Where human intervention in the planet falls?? :boggled::confused:
andyandy
17th April 2010, 06:52 AM
I have an issue with the title as it's vague....
So I think you need a scale....
World buster ( super nova etc )
Life buster ( big enough bollide, long enough volcanism )
Continent buster ( either of those on a smaller scale including the likes of Yosemite or the Chicxulub crater tho the latter could be in category 2 )
Then down the scale massively destructive but survivable as species
etc down as far as the Siberian comet/meteor
- the events noted like east or west coast NA tsunami, single big volcanic events of limited duration.
etc.
I think the lower end is something in the Hiroshima destruction scale so perhaps the Indonesian quake/Tsunami falls into that category.
True. I'd be interested in the probability estimates for all of them...
It's also interesting to speculate how robust western civilisation is to various shocks - as we get ever more inter-connected, something that significantly affects the US or Japan will have massive ramifications globally.
Just restricting speculation to the high likelihood events - (ie. quite possibily going to happen in the next 100 years) - both the solar flare/CME threat and big volcano threat seem to have the potential to really significantly affect global civilisation. A massive Tokyo earthquake is also likely. And then of course the slower effect of climate change over a hundred years also presents a pretty big impact threat....
DC
17th April 2010, 07:03 AM
western lifestiyle, but i guess that goes into globalwarming.
macdoc
17th April 2010, 08:21 AM
western lifestiyle
infestation of a super bug.....Homo destructis :rolleyes:
6th great extinction event in progress...
Delvo
17th April 2010, 10:44 AM
Earthquakes, tsunamis, and (super)volcanoes are too local and temporary to have a real effect overall.
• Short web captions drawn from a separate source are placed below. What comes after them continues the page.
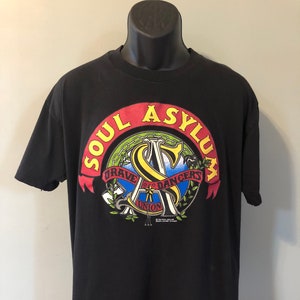 May include: Black t-shirt with a graphic of a circle with the words "Soul Asylum" in red and yellow. Inside the circle is a stylized "S" with the words "Brave New Dancers" and "Union" around it.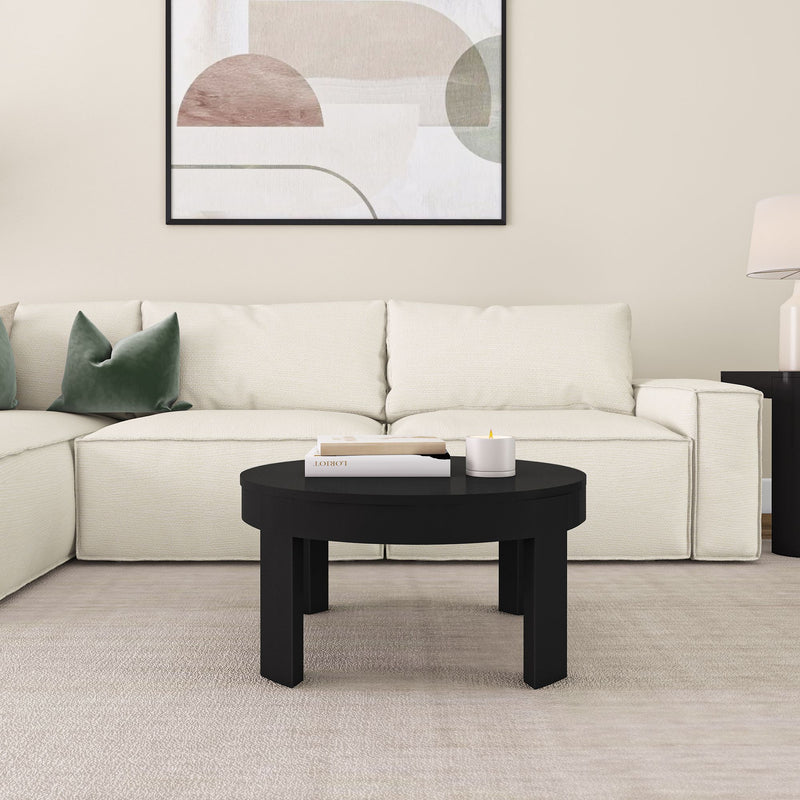 Modern living room with white sofa, black coffee table, abstract wall art, and green cushions.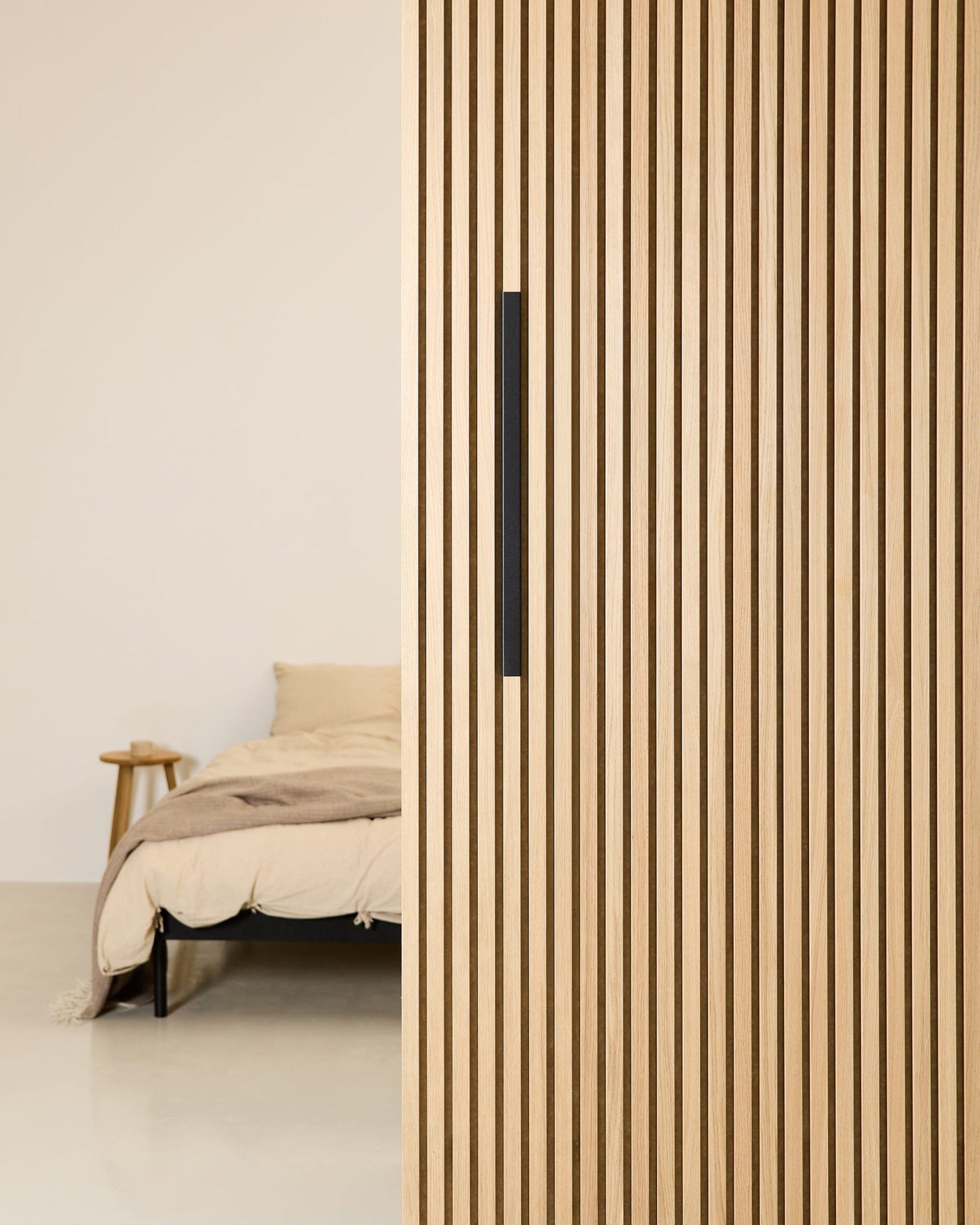 Minimalistisk soveværelse med en beige seng, der delvist afskærmes af en 60 cm bred WoodUpp EMBRACE rumdeler i sort aluminium med et sort håndtag.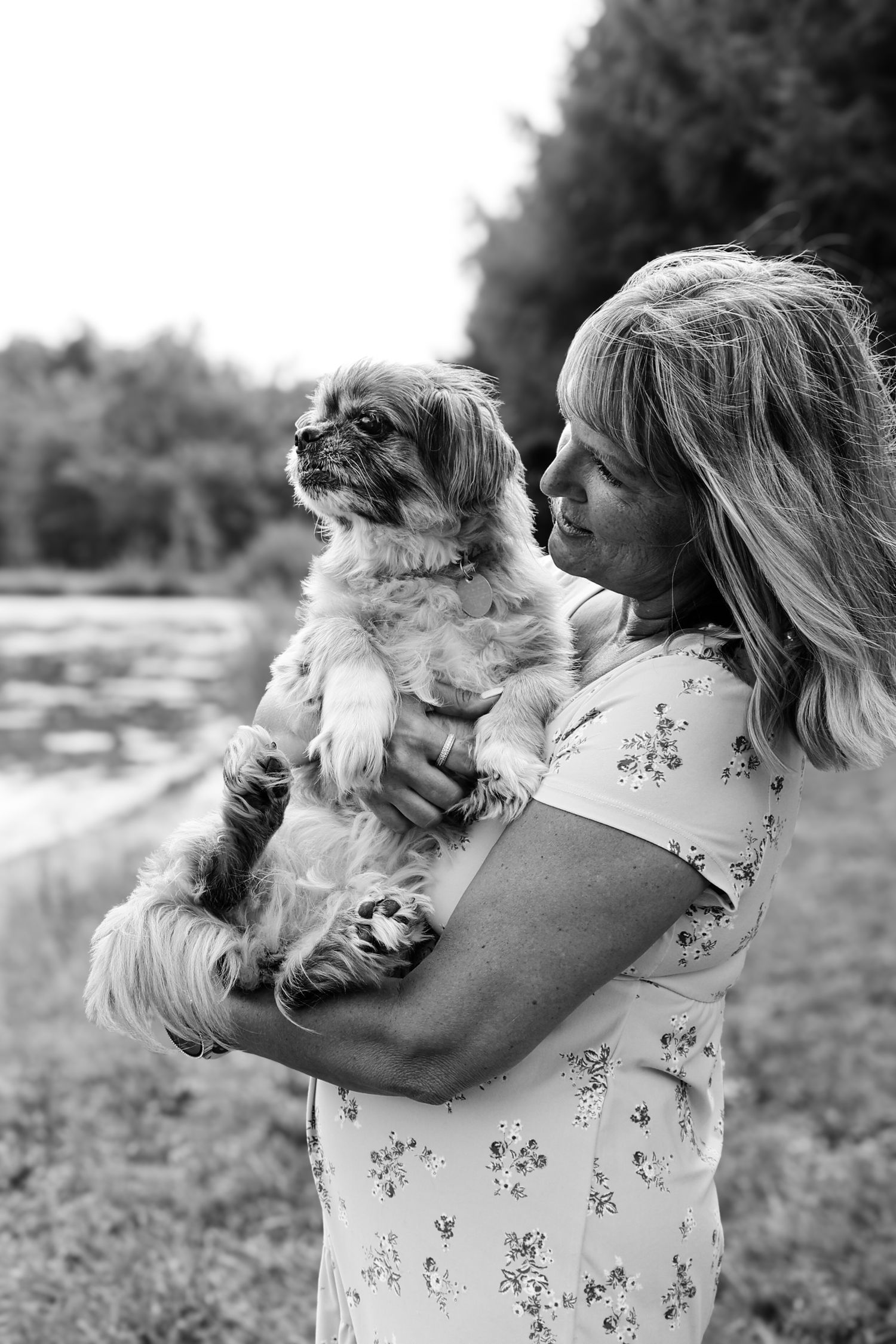 A person in a floral dress holds a small fluffy Shih Tzu dog outdoors in a black and white portrait.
Meteorites can have a more generalized/widespread effect, but the bigger they are, the less likely they are. Global warming, although certainly wider in geographic scope, is too slow to matter in the big picture. (Yes, it's depressing to me, personally, to think of losing real winters like I've always known, but people in the future will be doing just fine in a slightly warmer world and wondering how in the world people of our era could ever have thought that the creation of the warm world THEY have always lived in was supposed to be a bad thing.)
The real problem which is pretty much sure to strike us eventually is worldwide damage to soils and fresh water supplies, reducing the land's ability to support life, combined with the fact that we tend to expand the population until whatever resources we can get are expended (same as any other species, except that we can get our hands on more resources and cause greater environmental harm in the process of doing so). Most of the modern Occident might not have it as bad as the poorer, less "developed" countries with higher population densities and reproduction rates, but even if they're the first to reach the point of "the land just can't support all these people anymore", it will still happen to us eventually... and in the mean time, their problem will become our problem.
The worse things get there, the more our countries will feel obligated to try to help, but that will drain our resources even faster while only making the problem in those other countries even bigger and deeper anyway (because it's population-based and we'd be "helping" them prop up their populations).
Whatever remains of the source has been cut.